Artthrob, October 2003
Alan Alborough at the Sasol Art Museum
By Paul Edmunds

Four months after its opening and one month before its now extended conclusion, I visited Alan Alborough's 'Work(in/ ing) Pro(gress/ cess)' at the Sasol Art Museum. Things have progressed, but the yawning hole in the first floor has not been filled with French knitting as it begged to be when I first saw the show. To be honest, there is a small fringe of knitting (in white and blue cotton thread) but it's nowhere near the size of the long tube I imagined snaking its way to the ground out the door and down the gallery's stairs.

And the space below the gallery's circular opening is filled up, but not with knitting. Instead Alborough has arranged and piled up various materials, containers and other items peripherally involved with the French knitting project. In fact, apart from the brilliant chemical blues of the objects, I reckon many of them are pretty much unrelated to the project we all imagined Alborough to have undertaken.
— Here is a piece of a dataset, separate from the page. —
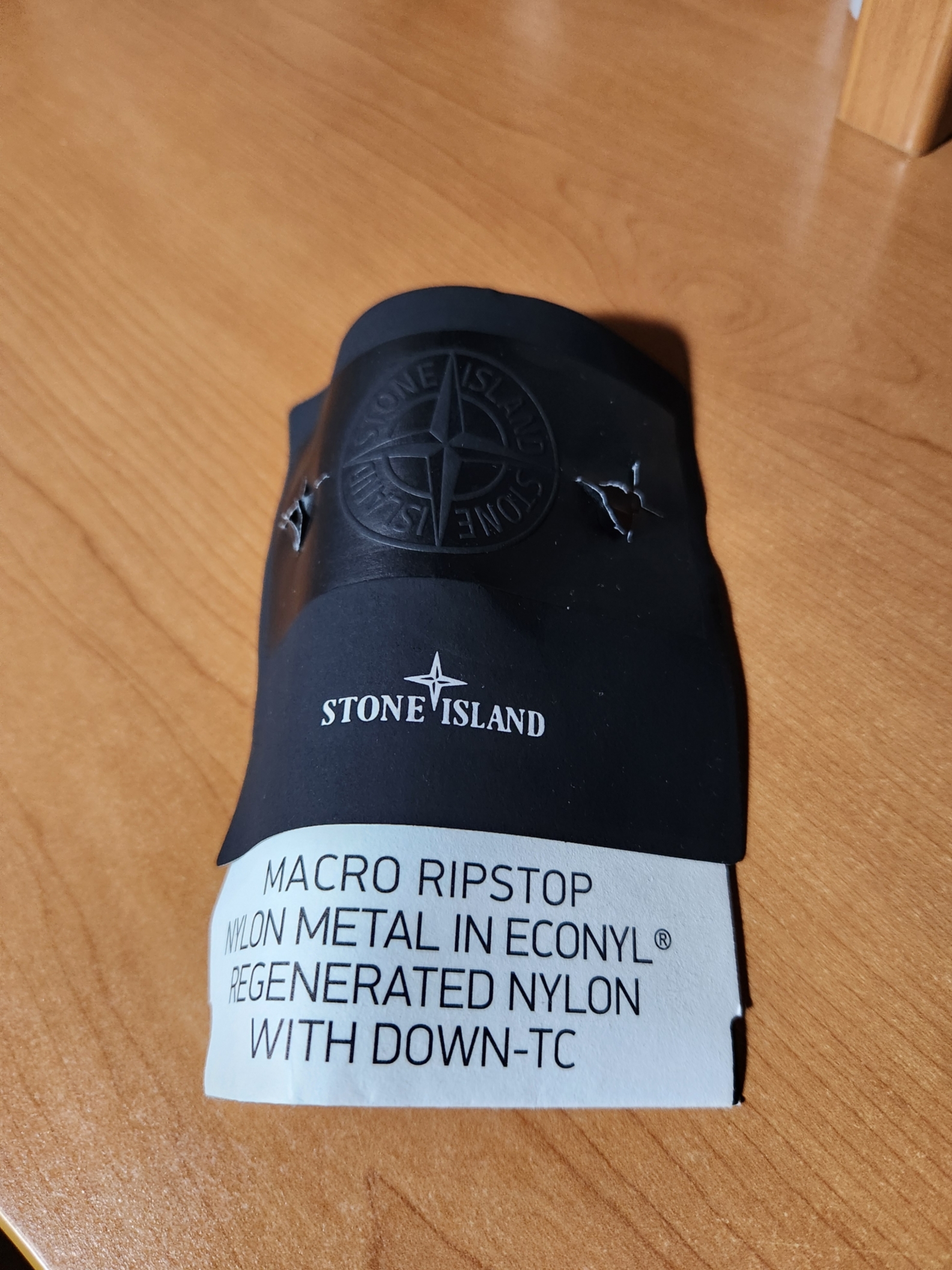Stone Island 71432 Macro Ripstop Nylon Metal in Econyl Regenerated Nylon Down-TC Long Jacket Stucco - 23FW 착용 스타일 - 5
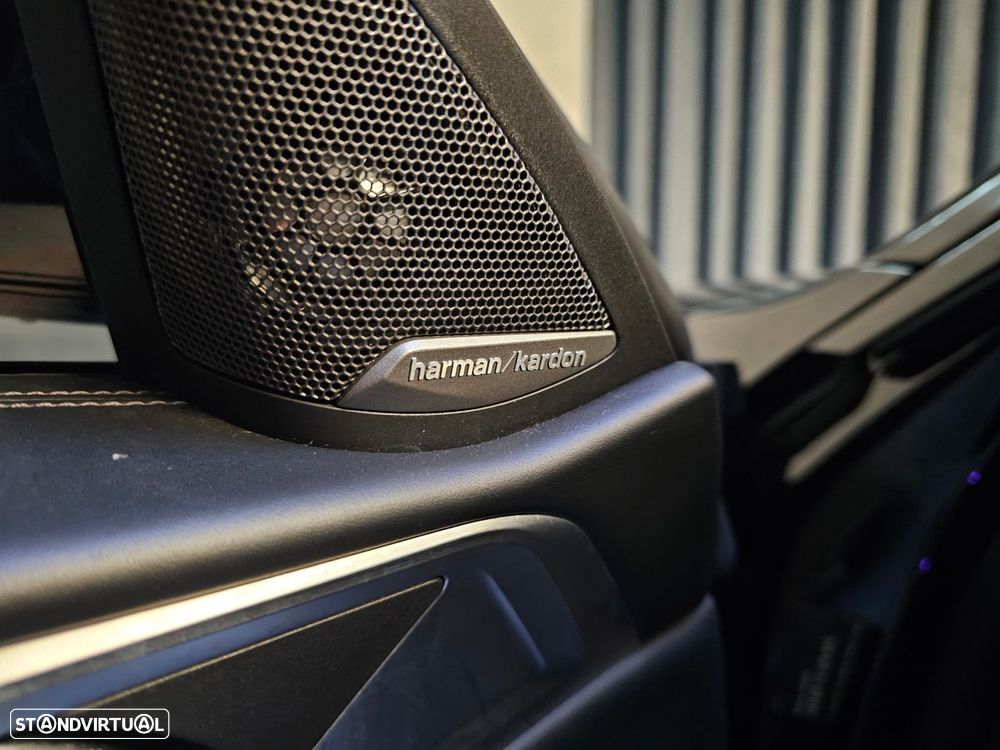 BMW M4 Competition M xDrive - 26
Neatly tied off stuffed plastic bags, bottles, boxes and bales of thread sit arranged uncertain of whether they are byproducts or raw materials. The spindle-like objects Alborough originally fastened to the balustrade above, around which he apparently intended to wind the thread for his giant knitted tube, have themselves become further adorned.

Far from the economy and efficiency one expects from a weaving process, these are now elaborately decorated. Complex constructions of cable ties, shower curtain hooks, baubles and those plastic bags create detailed crenellations on the circumference. From the knitting itself hang small cerulean blue bottles, apparently creating tension in the fabric Alborough is probably never going to make.

All I can conclude is that Alborough has successfully created a yawning chasm between what I expected him to do and what he has done. Despite the precision of his execution, I'm not sure that his plans and their results aren't similarly misregistered.